Funiciello, perché concentrarsi sulla vita piuttosto che sull’assassinio di Matteotti?
L’uccisione del leader socialista è sicuramente un passaggio determinante e decisivo per la storia del Novecento, perché è l’evento che sancisce anche simbolicamente il passaggio tra democrazia liberale e degenerazione nella dittatura. L’esistenza di Matteotti fu tuttavia caratterizzata da un periodo di grandi lotte, ben prima della sua uccisione e che gettarono il seme del socialismo riformista che, dopo la sua morte, cessò di esistere in Italia ma attecchì in altri Paesi europei.
Perché Matteotti venne identificato dal Fascismo dei primordi come uno fra i principali nemici?
Era una figura rischiosa per il Fascismo e per Mussolini. Assieme a Turati, Amendola e Sturzo, aveva capito che era possibile un’alternativa realistica alla degenerazione dittatoriale. Matteotti era per la costruzione di un’alleanza di governo tra socialisti riformisti, popolari e liberali.
Erano più insidiosi anche dei comunisti come Gramsci e Togliatti?
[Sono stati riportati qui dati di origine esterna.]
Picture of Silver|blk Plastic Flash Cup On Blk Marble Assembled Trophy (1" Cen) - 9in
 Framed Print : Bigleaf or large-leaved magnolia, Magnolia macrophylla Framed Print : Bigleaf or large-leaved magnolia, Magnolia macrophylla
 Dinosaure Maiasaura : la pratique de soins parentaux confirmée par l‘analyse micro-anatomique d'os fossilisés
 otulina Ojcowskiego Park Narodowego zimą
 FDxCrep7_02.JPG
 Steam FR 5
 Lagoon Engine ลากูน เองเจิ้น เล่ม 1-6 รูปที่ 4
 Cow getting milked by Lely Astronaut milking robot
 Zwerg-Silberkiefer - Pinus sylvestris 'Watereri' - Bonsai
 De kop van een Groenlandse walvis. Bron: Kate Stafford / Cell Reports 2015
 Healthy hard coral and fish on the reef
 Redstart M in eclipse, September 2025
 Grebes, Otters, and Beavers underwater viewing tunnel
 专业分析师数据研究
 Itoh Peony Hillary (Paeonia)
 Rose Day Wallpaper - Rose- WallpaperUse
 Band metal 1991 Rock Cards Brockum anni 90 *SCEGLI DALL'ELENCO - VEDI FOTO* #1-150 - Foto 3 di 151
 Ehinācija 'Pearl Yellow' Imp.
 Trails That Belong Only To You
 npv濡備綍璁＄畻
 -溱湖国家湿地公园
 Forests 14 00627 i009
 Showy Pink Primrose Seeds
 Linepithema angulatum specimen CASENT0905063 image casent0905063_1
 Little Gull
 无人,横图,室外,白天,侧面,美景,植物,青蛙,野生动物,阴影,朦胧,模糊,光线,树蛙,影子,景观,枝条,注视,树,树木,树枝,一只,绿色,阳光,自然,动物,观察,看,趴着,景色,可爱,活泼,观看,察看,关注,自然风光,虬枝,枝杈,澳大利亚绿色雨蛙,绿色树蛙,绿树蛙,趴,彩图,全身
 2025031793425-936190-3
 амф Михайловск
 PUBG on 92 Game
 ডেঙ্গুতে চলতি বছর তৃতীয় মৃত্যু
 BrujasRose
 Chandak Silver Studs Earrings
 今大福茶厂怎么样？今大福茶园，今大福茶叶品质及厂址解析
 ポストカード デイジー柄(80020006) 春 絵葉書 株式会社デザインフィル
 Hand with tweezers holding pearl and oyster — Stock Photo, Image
Certo. I socialisti avevano accettato di impegnarsi dentro il perimetro sancito dallo Statuto Albertino, mentre i comunisti professavano la rivoluzione che non avrebbe mai potuto compiersi. Matteotti e Turati avevano a cuore lo stato liberale, molto più di alcuni liberali come Giovanni Giolitti e Benedetto Croce, che si spese contro il Fascismo meritoriamente ma tardivamente.
Che cosa ci racconta oggi l’esperienza politica di Matteotti?
Come ho detto il socialismo riformista in Italia è morto con Matteotti, ma è stato alla base di moltissimi sistemi democratici in tutta Europa. La social democrazia – si pensi alla Francia, alla Germania, alla Spagna, al Regno Unito – è stata la protagonista dell’evoluzione dei sistemi democratici stessi. In Italia tutto questo non è avvenuto.
Va detto però che, in Italia, il Psi riuscì ad esprimere un presidente del Consiglio: Bettino Craxi.
Non c’è dubbio che sia Pietro Nenni che Bettino Craxi abbiano provato a far rivivere l’autonomismo socialista portato avanti con convinzione da Matteotti. Basta pensare che nel 1924 fece togliere dal simbolo del partito la falce e il martello. C’è, quindi, un legame in questo senso, che lega le idee di Matteotti-Turati a quelle di Nenni- Craxi. Tuttavia, il socialismo riformista in Italia è terminato proprio con l’assassinio di Matteotti.
Cosa, invece, distingue gli altri Paesi europei in questo senso?
Il socialismo riformista è una fra le principali matrici del progressismo occidentale. In Spagna e in Germania i primi ministri sono di estrazione e provenienza socialista. A Londra avremo un premier e una maggioranza laburisti.